Allows user-defined alphabets, and thus extension to new biological sequences.
Pysster supports additional position-wise information in addition to the primary biological sequences being considered.
Pysster allows the user to visualize the motifs in the kernels learned.
In addition to simply visualizing the convolutional filters, Pysster allows the user to determine if a given filter's use when classifying a particular class is localized to a particular region of the input sequences. This is done by a bar plot of the enrichment in kernel activations that are above a threshold at each position in the input sequences.
The authors show how Pysster can be used to visualize the output activation of all of the convolutional filters for a set of sequences. (Figure S2, which presents a heatmap with a row for each kernel and a column for each input sequence). This is interesting, as motif co-occurence seems relevant for problems where protein complex localization (i.e. not just a single protien's being site) is relevant (e.g. splice site disruption)

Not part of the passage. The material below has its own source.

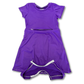 Purple G-Tube Skirted Shortease - Zipease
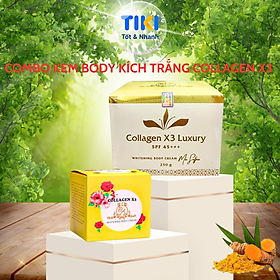 Kem DưỡngTrắng Da Toàn Thân Body Collagen X3 Luxury Kem Body Dưỡng Ẩm Trắng Da Đông Anh Chính Hãng 250g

The authors provide tutorials for using Pysster to reproduce the models from their paper (e.g. the RNA-editing prediction model)
Cons
Beyond grid search, pysster does not seem to support more sophisticated hyperparameter search algorithms or 3rd party hyperparameter search packages
Pysster does not seem to support models for tasks other than classification (e.g. regression, autoencoding).
It is unclear if Pysster can be applied to non-deep learning models, although I imagine that such an extension would only require a little tinkering.
Pysster seems to only support splitting training/validation/testing data by region (e.g. chromosome).
Pysster's data class seems a little rigid, and only seems to support training examples composed of a single fixed-length sequence.
The documentation is provided within the GitHub. A dedicated site with more rich documentation could be easier to navigate and digest.